- Work request
Everything from the line that contains "Magic Magnet Build" to the final line of the data, both ends included, must be set down exactly, apart from the pictures.

- Data block
▬▬▬▬▬▬▬▬▬▬
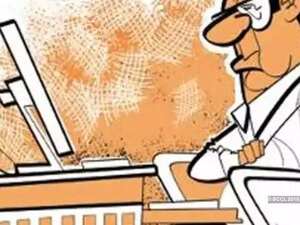 Upsc Selection Lateral Entry Centre Working On Rigorous Selection Model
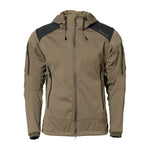 Jacket Softshell Special Forces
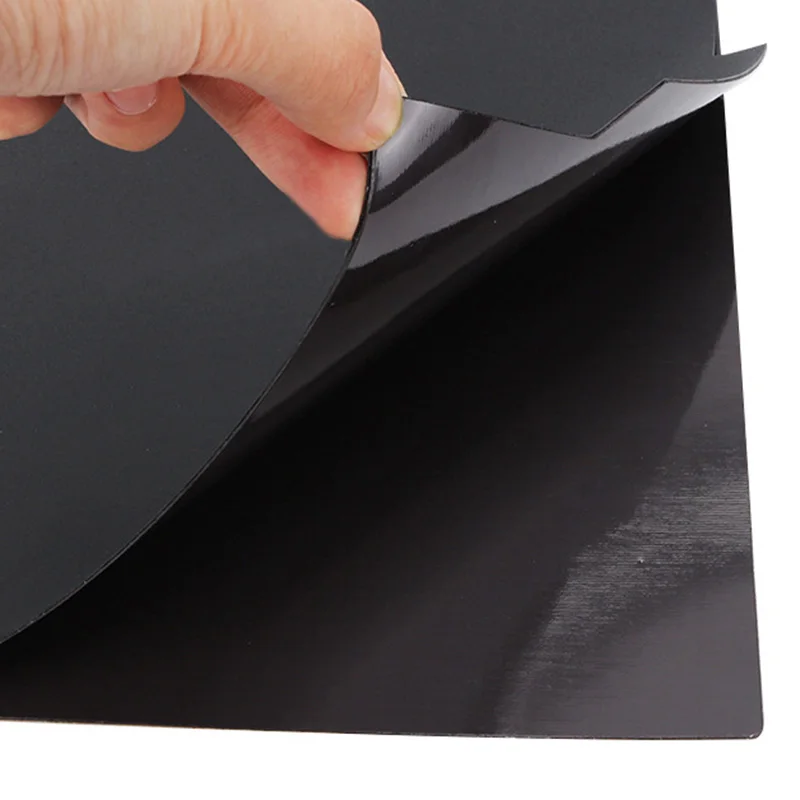 

Magic Magnet Build Surface Heated Bed Paper Sticker with Sticker for Ender-3/CR-20 SL@88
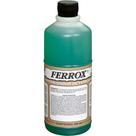 Ferrox Removedor Ferrugem 500 Ml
▬▬▬▬▬▬▬▬▬▬
- Exercise response
Magic Magnet Build Surface Heated Bed Paper Sticker with Sticker for Ender-3/CR-20 SL@88
 Ferrox Removedor Ferrugem 500 Ml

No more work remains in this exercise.